5. dKeap1 functions downstream of Lamin in the genetic pathway
Given that dKeap1 molecularly interacts with Lamin and regulates Lamin localization, we hypothesized that dKeap1 and Lamin coregulate transcription. To determine if dKeap1 and Lamin regulate gene expression in the same developmental pathway, we explored potential genetic interactions between dKeap1 and Lamin. Lamin overexpression causes early lethality in Drosophila (Munoz-Alarcon et al. , 2007). In our experiments, larvae that overexpressed Lamin driven by tub-GAL4 died at L1 or early L2 larval stage (Fig. 5A). Double mutants which contained overexpressed Lamin and a heterozygous dKeap1 null allele survived to late L2 or early L3 stage (Fig. 5A), indicating that reduction of dKeap1 was able to partially rescue the lethality caused by Lamin overexpression. Excessive Lamin proteins could cause lethality via mis-regulation of developmental transcription. These results suggest that dKeap1 can act down-stream of Lamin in the regulation of gene expression during Drosophila development.

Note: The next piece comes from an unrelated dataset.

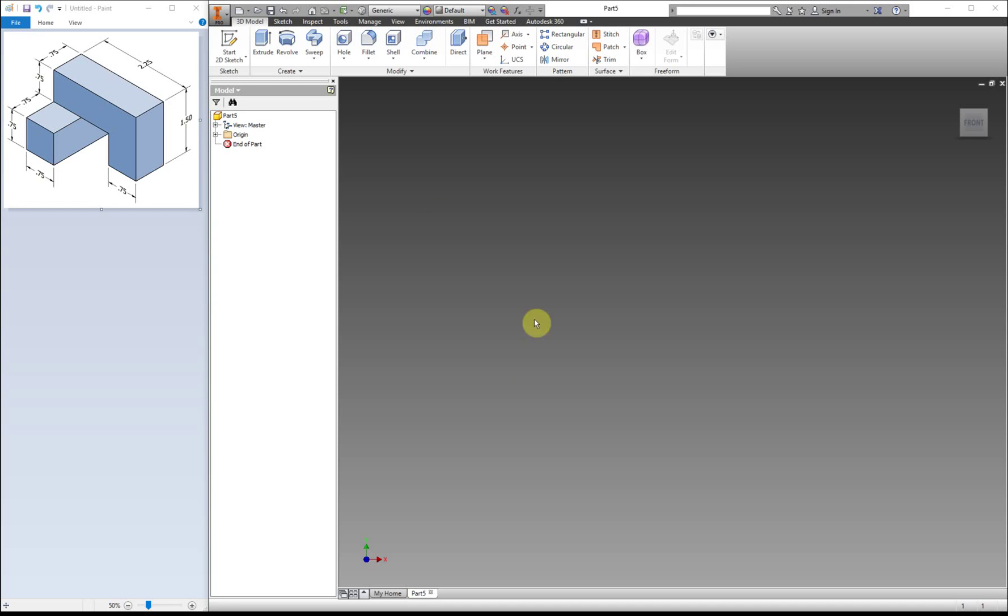This video is to show you how to make this part right here. This one is a piece from the Puzzle Cube project and we're going to show you how to make it in three different ways. One is additive method, one subtractive method, and the other one's a combination of the two.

Mutations in lamin Dm0 show reduced viability, abnormal tissue differentiation, and defects in fertility, ovary size, ventriculus, and locomotion (Lenz-Bohme et al. , 1997, Munoz-Alarcon et al., 2007, Osouda et al., 2005). A dKeap1 mutant with disrupted dKeap1 chromatin binding also shows reduced viability and fertility (Carlson et al., 2022). It would be interesting to determine the developmental genes and programs that are coregulated by dKeap1 and Lamin in the future.